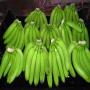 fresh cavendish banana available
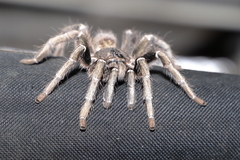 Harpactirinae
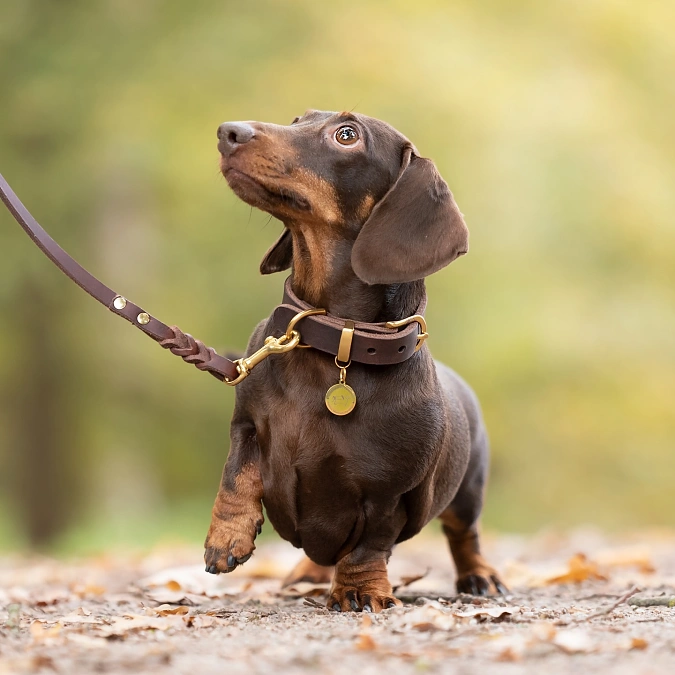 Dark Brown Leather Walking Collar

*****

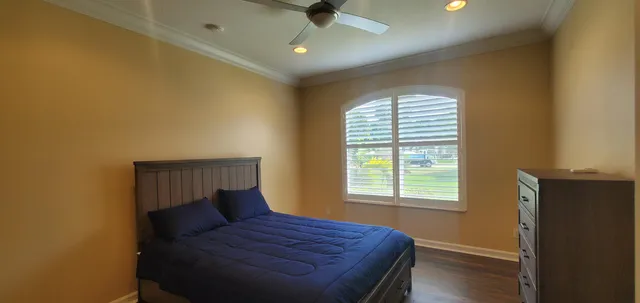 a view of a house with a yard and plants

*****

ASSIGNMENT =>
Given the listing above, retype only the span of lines from the line with "Harpactirinae" up to and including the line with "Dark Brown Leather Walking Collar", exactly as it stands and without pictures.

SOLUTION BELOW =>
 Harpactirinae
 Dark Brown Leather Walking Collar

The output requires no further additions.